Baltimore is the most recent team to adopt this philosophy and based on the Ravens’ Week 1 performance against Cincinnati it was a good decision. John Harbaugh said, “When we huddle now, it just seems like the game slows down too much.”
Of course, there are downsides. The Ravens have just started featuring the no-huddle, and they found it much harder to implement on the road last week in Philadelphia (where they used it just six times) than they had at home against Cincinnati (where they used it 22 times).
It’s not just newbies. No one is better at the no-huddle than Peyton Manning. At his best, Manning made the myriad permutations of the no-huddle seem simple. He is going to the Hall of Fame on the first ballot in no small part because he can count. It was true with the Colts, and remains so with the Broncos: The three-wideout personnel and formations may not change, but Manning will simply count the box and respond. If there are six people in the box he will run, and if there are seven people in the box he will throw. He finds the right match-ups.
While the vicious cycle of action and response will continue, the game has been, is now and will always be about numbers and angles. First, create more people at the point-of-attack than your opponent: More tacklers than they have blockers, more blockers than they have tacklers.
If you cannot create a numbers advantage, create an advantage in the angles your players have to execute their jobs. If you can shift your tight end in a way that gives him a better angle on a down block on a defensive end, or motion a WR into position to keep a trail defender from jamming him at the line of scrimmage it can be a huge advantage.
Of course, defenses also can create these number or angle advantages with shifting linebackers and safeties in different locations. Troy Polamalu and Ed Reed are perfect examples of players allowed to freelance within a larger defensive framework, creating difficulties for offenses to know where the hell they are and what are they doing.
But offenses will keep moving in this direction. More often than not, they set the tempo, they put the defense in a reactive mode, and when they’re moving the ball, they wear defenses out through sheer quantity. NFL offenses have averaged 62-64 plays a game for the last 20 years. Even with the advent of the Peyton Mannings and Tom Bradys of the world, that number hasn’t changed much.
The colleges have always averaged a bit more, between 68-69 plays a game. Currently, the spread offense in college — usually in tandem with a no-huddle — is averaging between 75-79 plays a game.

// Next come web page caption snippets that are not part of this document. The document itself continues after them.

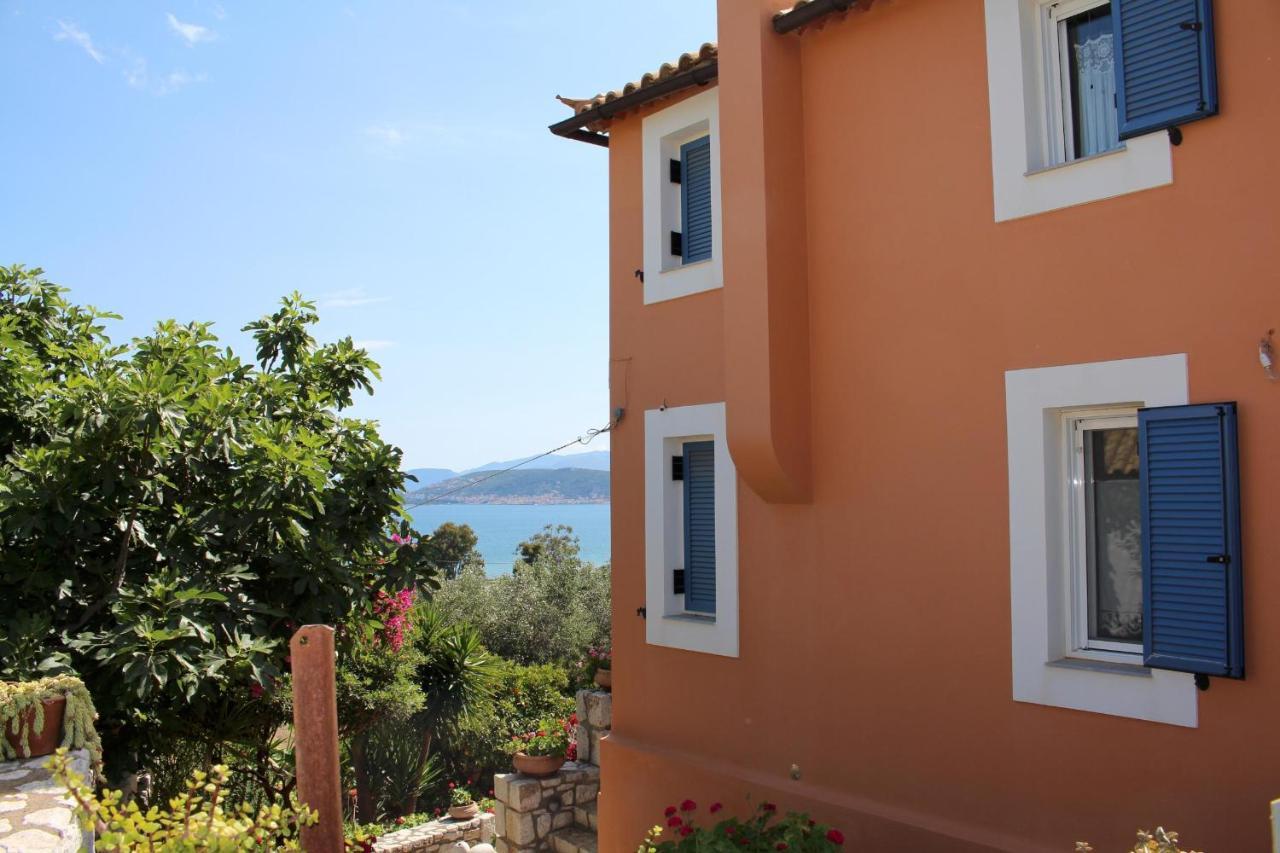 Alexia Villa Selinitsa Buitenkant foto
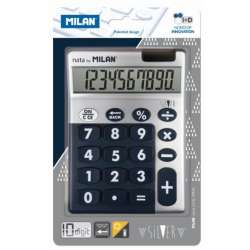 Kalkulator 10 poz. Silver MILAN - 1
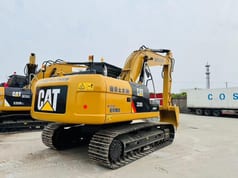 2023 Caterpillar 320CL Crawler Excavator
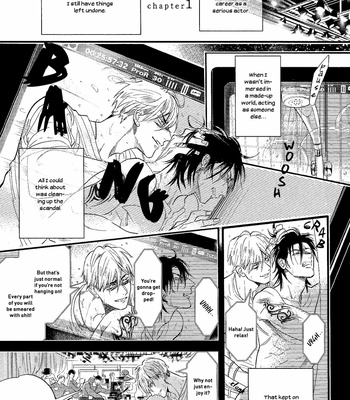 [NAGI Wataru] Lost Virgin [Eng] – Gay Manga sex 3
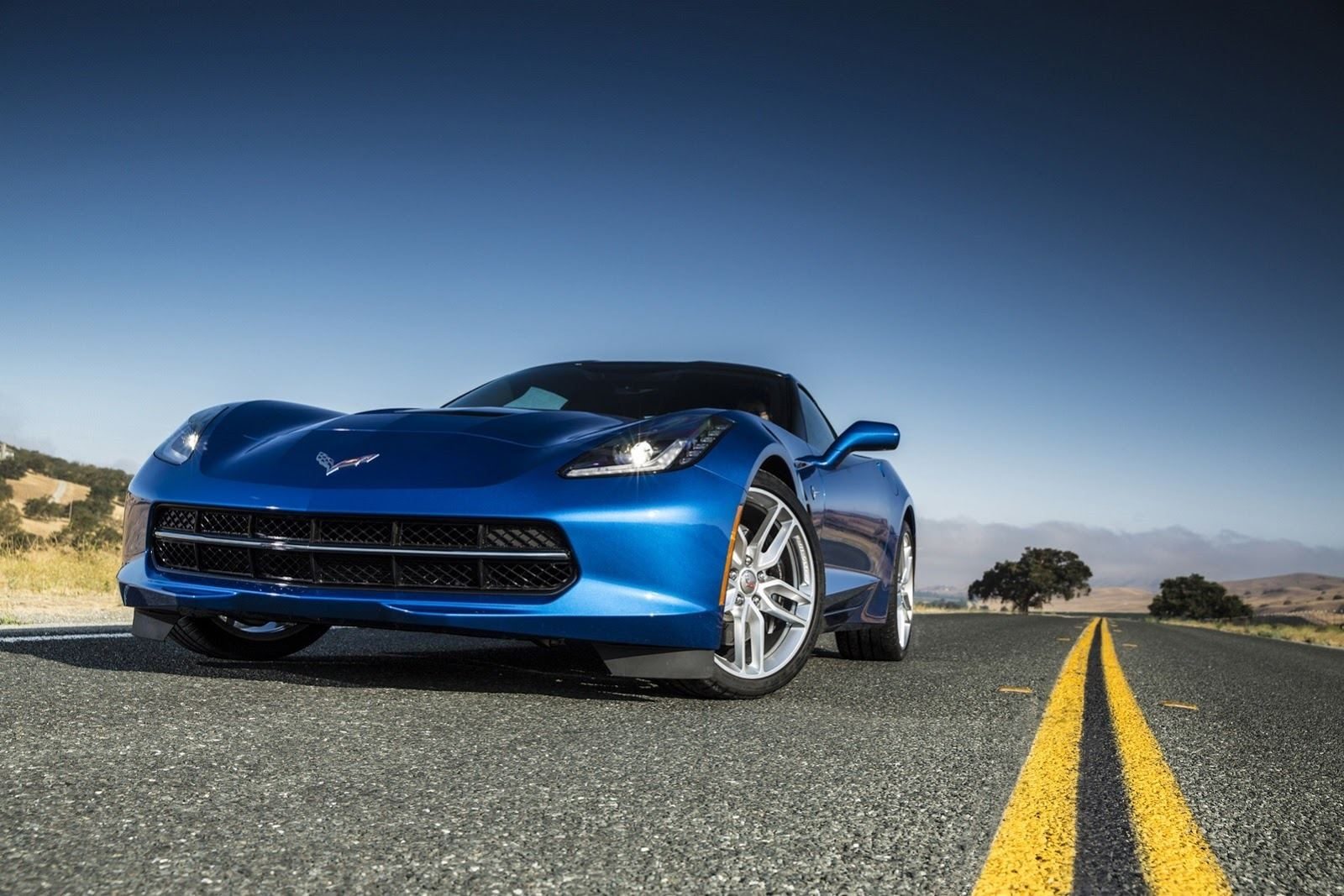 2015 Chevrolet Corvette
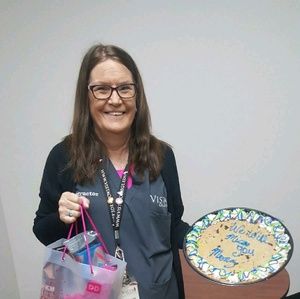 Meet your Posher, Debbie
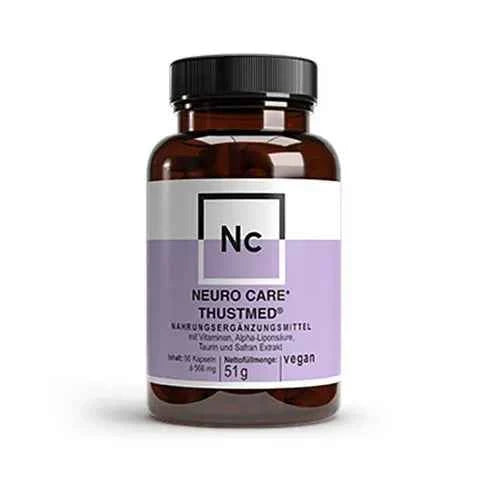 Neuro care high doses of saffron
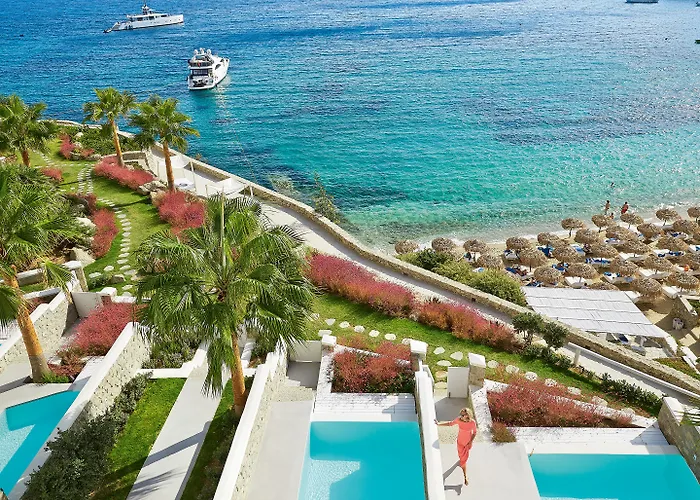 Mykonos Blu, A Grecotel To Live 度假村 5*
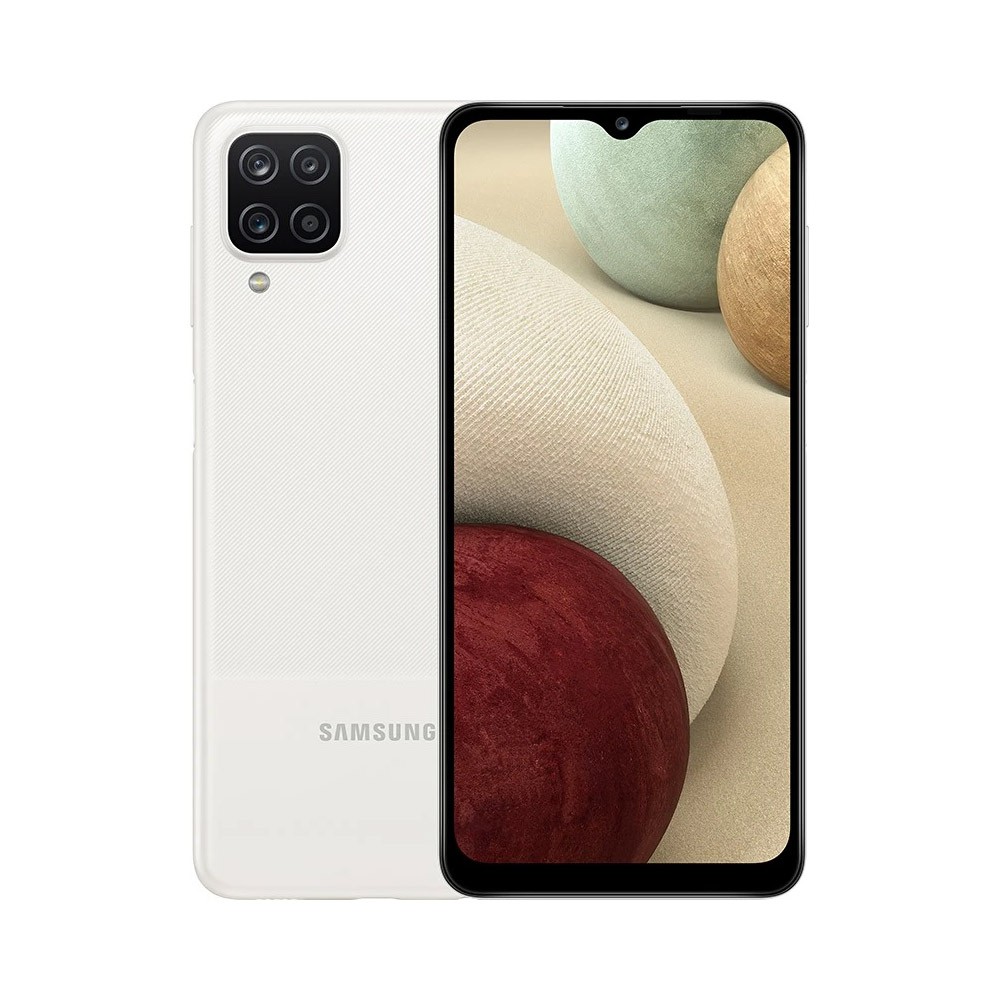 Điện thoại di động Samsung Galaxy A12 (4GB/128GB) - Bảo hành 12 tháng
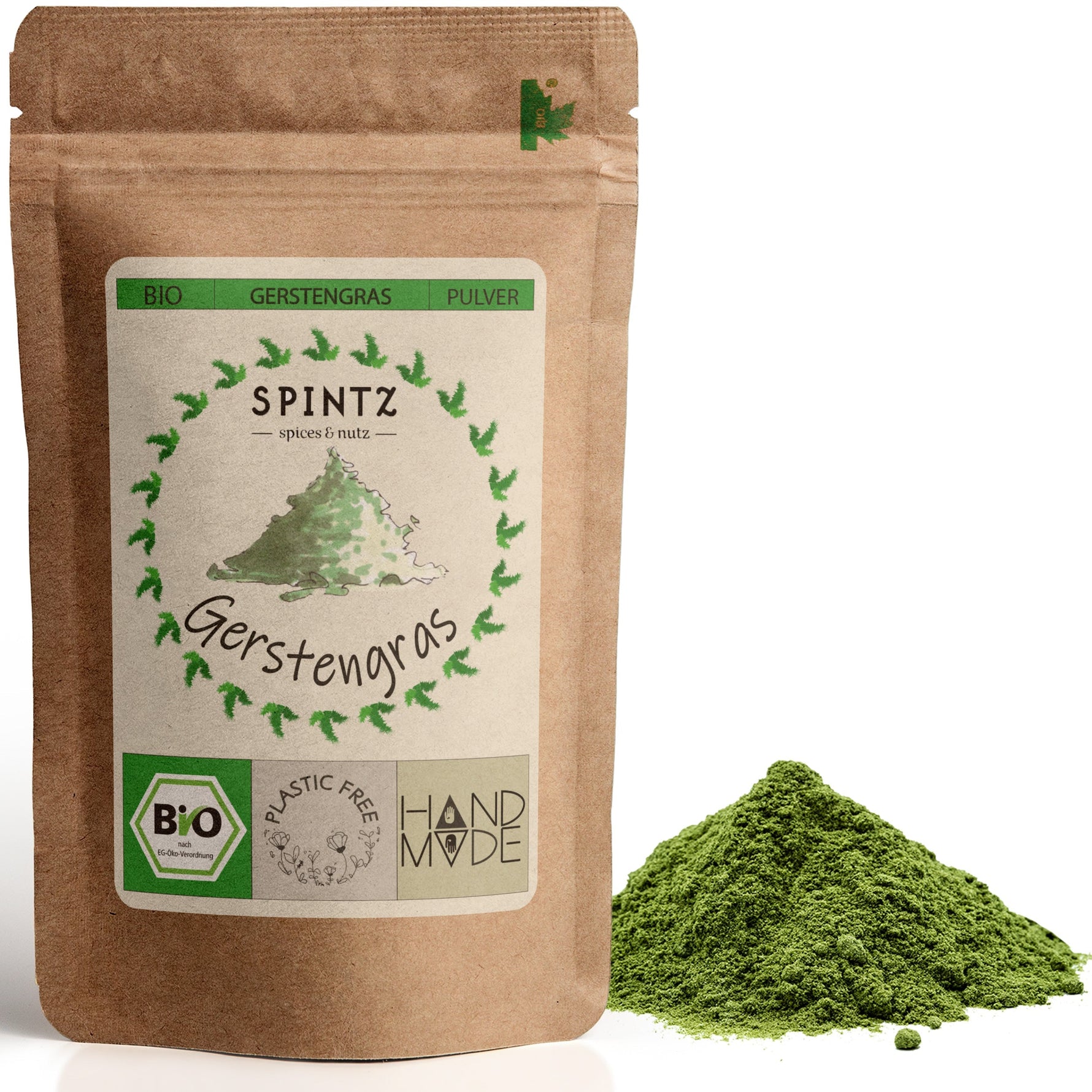 Veganes Superfood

As this style continues to permeate the college ranks, more quarterbacks will come into the pros having been developed in this system. (Of the five starting rookie quarterbacks this season, all but Andrew Luck ran spread offenses in college.) Indeed, running no-huddle for a rookie reduces the amount of offense he has to learn and gives him more of a chance of functioning in a new world of changing defenses and faster players.